SXSW 2015: THE STORY SO FAR

Story So Far

As regulars at this shindig we affectionately call SX, we can officially confirm that it continues to impress, overwhelm and inspire. Once again, the Texan capital is heaving with thousands of marketers, geeks, nerds, dreamers, musos, movie types (so far I’ve only spotted Rupert Grint aka Ron Weasley in the lobby) and agency folk from all over the world – jostling amongst a few jaded Austinites.

When not busy putting finishing touches on our presentation we’ve managed to cover some pretty eclectic ground. We’ve been soaking up info on predictive, beacons, retail experience, content engagement and making makers, to name a few. We’ve tried to squeeze in sessions with a few legends like Biz Stone, co-founder of Twitter, Roger Dooley author of Brainfluence, and Malcolm Gladwell, author of many books including the seminal Tipping Point.

So what’s the big trend for SX Interactive this year? Hard to say whether it’s our internal bias, but we keep hearing the word data (and it’s not just coming from Adam). Invariably privacy pops up, but it’s more a by-product of data this time round. Beacons, wearables, security and privacy were pretty huge last year. But so far in 2015, data (and what the hell to do with it) is the topic du jour.

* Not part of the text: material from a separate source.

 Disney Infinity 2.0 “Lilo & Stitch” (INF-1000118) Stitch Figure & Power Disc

We’re finally hearing less about big data and more about actionable data. Even the Beacons, mPay and the Great Shopper Reboot, which we hoped was going to be mostly about tech unifying the online and offline shopper experience, inevitably swirled back to data.

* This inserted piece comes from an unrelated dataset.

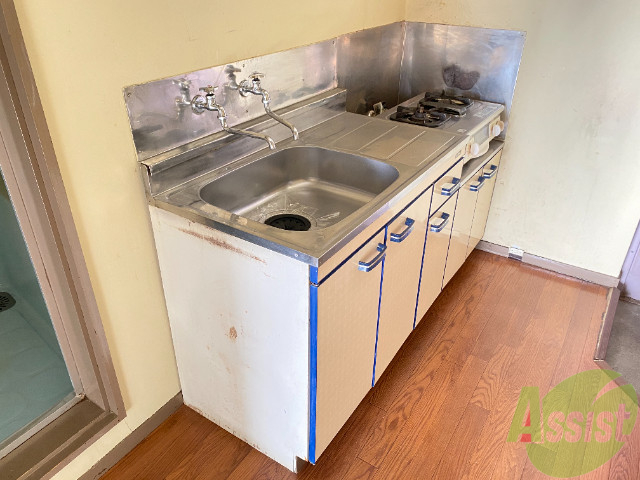 キッチン　十分なスペースのあるキッチン。まな板置き場もございます。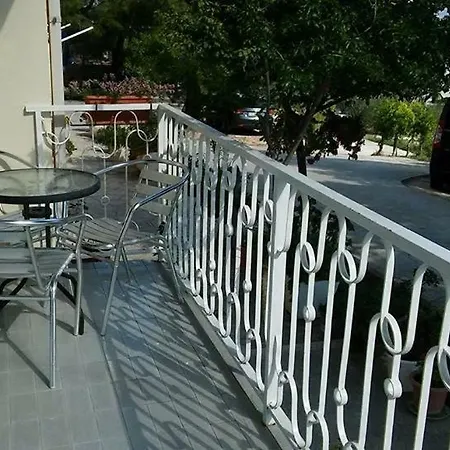 Guest house Branko Vojnovic Omis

One of the most elegant solutions integrating IOT and data we’ve seen so far was SteadyServe’s iKeg case study, presented by Daniel Gutwein, Director of Retail Analytics at Intel. Draught beer is a US $20 billion dollar industry and 20% of the orders from distributor to retail are incorrect. That’s a massive outage. With a simple keg scale, RFID sensor and Intel Gateway, iKeg users can accurately give their distributor usage data in real time. No more empty kegs or thirsty customers. The information facilitates timely distribution, market analysis, ROI measurement and helps map the success of promotions.

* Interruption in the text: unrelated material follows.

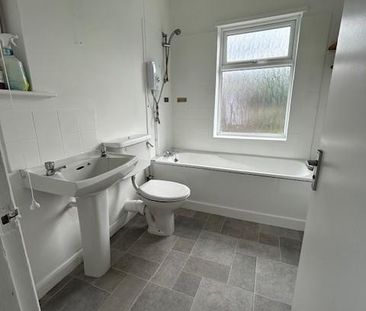 Ground floor flat to rent - Photo 2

The most entertaining talk so far has been Koert van Mensvoort’s Next Nature: How Technology Becomes Nature. In his surrealist exploration of the dynamic relationship between tech and nature, Van Mensvoort discusses which is emulating which and argues that lines are blurring between what is ‘made’ and what is ‘born’. His examples of in vitro meat and Rayfish footwear were simultaneously absurd and challenging, both ethically and culturally.

Interestingly, he asked us to consider what technology really is. After all agriculture, cooking, the wheel and the light bulb are all forms of technology. Yes, technological advances that have irretrievably changed us, but they have not lead to our oblivion. Check out his provocative work at Next Nature.

Hopefully that gives you a taste of the wild extremes experienced in SXSW so far. We’ll endeavour to post a final overview in a couple of days. In the meantime, stay weird. And if you have a moment, check out the schedule. It’ll blow your minds.